Interesting. I can buy that idea, a model that’s designed to be general and answer all questions is going to have to make compromises in a lot of ways.
So it’s possible that model benchmarking needs to be revised in some way to give more useful analysis of its capabilities.
The industry is quickly moving towards using agents, MCP connections (sources of real-time data for the model to pull from, and apis that allow the model to perform tasks, like putting things on a calendar), and RAGs (augmentation with sources of truth, such as a 100 page pdf guide for example), and models that seem to be more aware that they can get data from other sources.
The future might become specialized models all the way down.

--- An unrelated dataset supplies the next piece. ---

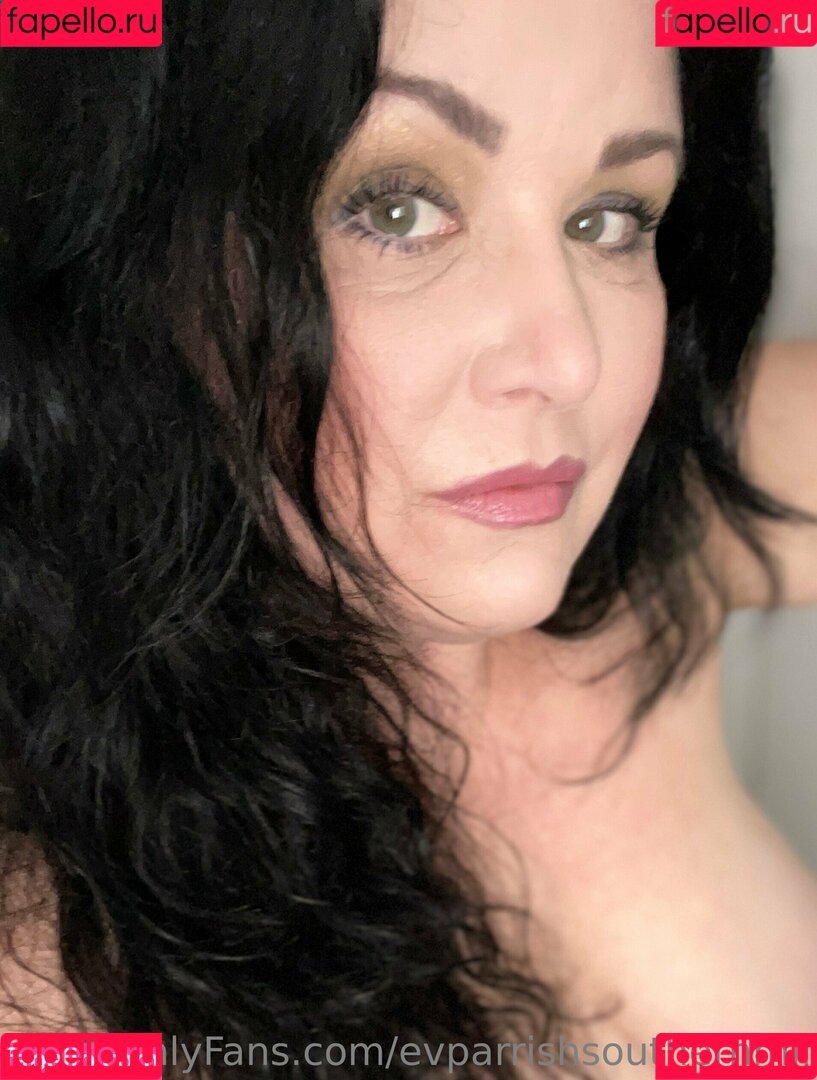 evparrishsouthernmil Onlyfans Photo Gallery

Just today I’m playing with “vibe coding” and using one agent as an orchestrator that assigns and monitors tasks to other agents. The result is still slightly bullshit code but it’s amusing to watch it work. Not sure yet if this is a strategy to spend all my money through API fees or will result in something useful 😂
This is when you give some LLM a prompt such as “write a game like Minecraft except cooler” and the system will output some code that might run and might vaguely resemble a block game.
So then you go back ask for more, it does something to the code potentially improving or breaking it, go back again ask for more, and repeat over and over. I’m being a little bit sarcastic because most serious developers look down on this, but really this is how a lot of coding is happening these days. There are tools to make this process somewhat usable and they are getting better every day.